Grass seed sprouts best when the soil is constantly moist, such as in rainy seasons, and when the soil temperature is right for the grass variety. Warm-season grasses thrive in summer in warm U.S. Department of Agriculture plant hardiness zones but turn brown and become dormant over winter. Cool-season grasses grow well in the moderate temperatures of winter in warm USDA zones and spring and fall in cool and cold areas of the United States.

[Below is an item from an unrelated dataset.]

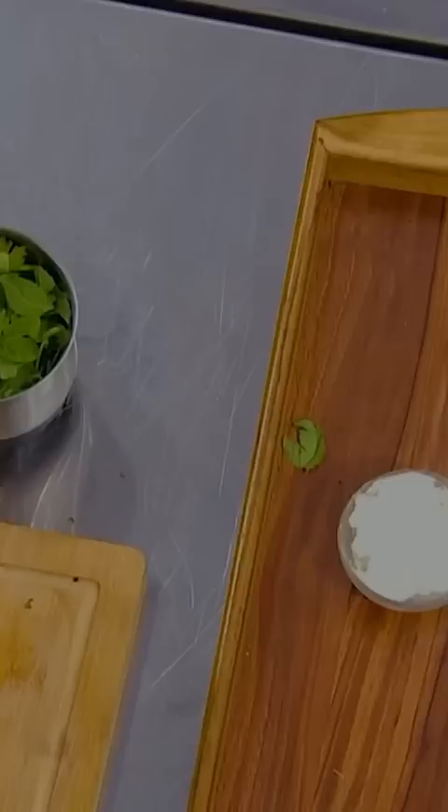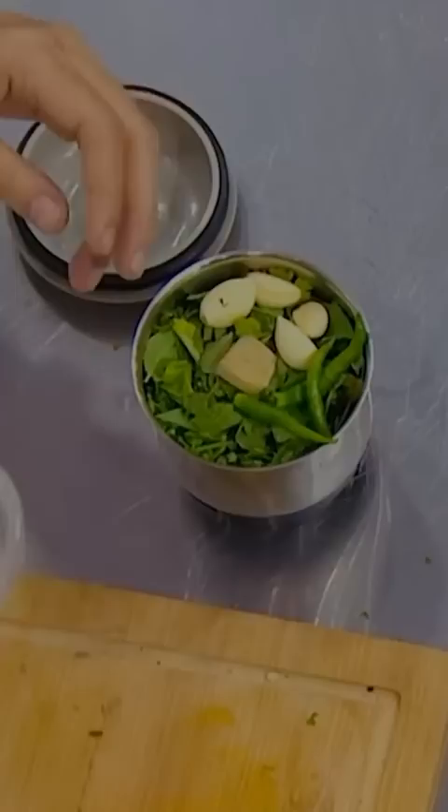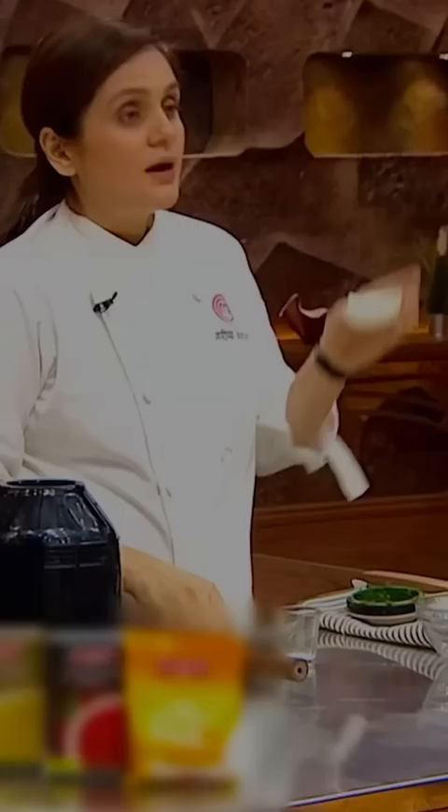Half teaspoon sugar, onions, pinch of salt, hung curd.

Late summer or early fall are the best times for reseeding cool-season grasses. Tall fescue (Festuca arundinacea) and Kentucky bluegrass (Poa pratensis) are two cool-season grasses that can be used to reseed lawns in cool and cold USDA zones. Tall fescue is hardy in USDA zones 4 through 7, and Kentucky bluegrass is hardy in USDA zones 2 through 6.

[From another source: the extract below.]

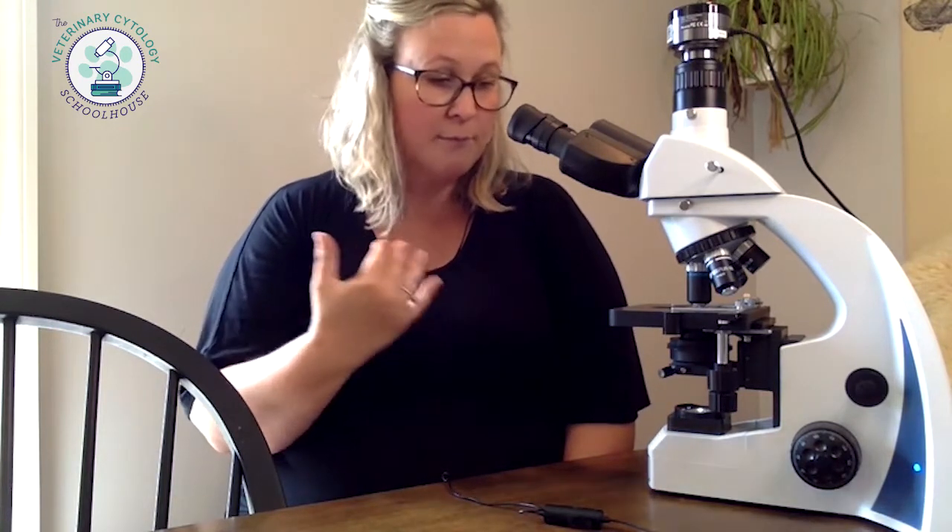I would definitely use this microscope myself, certainly in a clinic setting, but I'm kind of tempted to buy this for my house too. I really like it and I'm going to tell you what I like about it so you can make a good decision for yourself in clinic — it's certainly one I would recommend. So the first thing is that when I got this, it came in a couple of parts.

Both grasses sprout and grow well in spring or fall, but in spring they and other cool-season grasses must compete with lawn weeds, and when summer arrives, the young plants are stressed by heat and drought. Fall-sowing allows cool-season grasses to establish before winter. Sow cool-season grasses six weeks to two months before the first local average frost date in USDA zones 7 and colder. Both grasses have invasive tendencies.
A Warm-Season Lawn
Reseeding a warm-season lawn with cool-season grasses provides a green lawn over winter, when the warm-season grasses are dormant. Perennial ryegrass (Lolium perenne) and annual ryegrass (Lolium multiflorum) grow well in winter in warm USDA zones, and they are often sown over Bermuda grass (Cynodon spp.) and zoysia grass (Zoysia spp.), which turn brown. Perennial ryegrass is hardy in USDA zones 3 through 6, Bermuda grass is hardy in USDA zones 7 through 10, and zoysia grass is hardy in USDA zones 5 through 10.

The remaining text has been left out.